Task to carry out
Instruction for the entries that follow: retype exactly the lines from the line with "Interior - Luxury" to the line with "Semi-detached provencal farm", both included, and omit all others.

Exercise data

◇ ◇ ◇

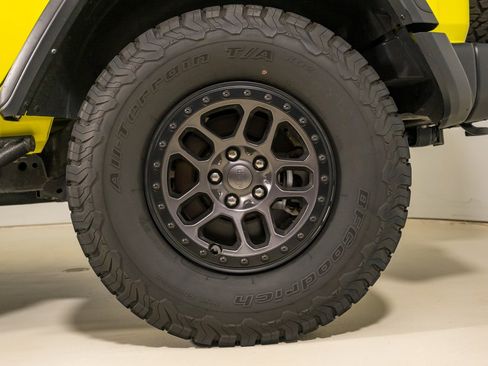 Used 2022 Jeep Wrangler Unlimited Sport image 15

◇ ◇ ◇

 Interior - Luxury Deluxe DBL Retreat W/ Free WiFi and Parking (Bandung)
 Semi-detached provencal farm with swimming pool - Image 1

◇ ◇ ◇

Solution to this task
 Interior - Luxury Deluxe DBL Retreat W/ Free WiFi and Parking (Bandung)
 Semi-detached provencal farm with swimming pool - Image 1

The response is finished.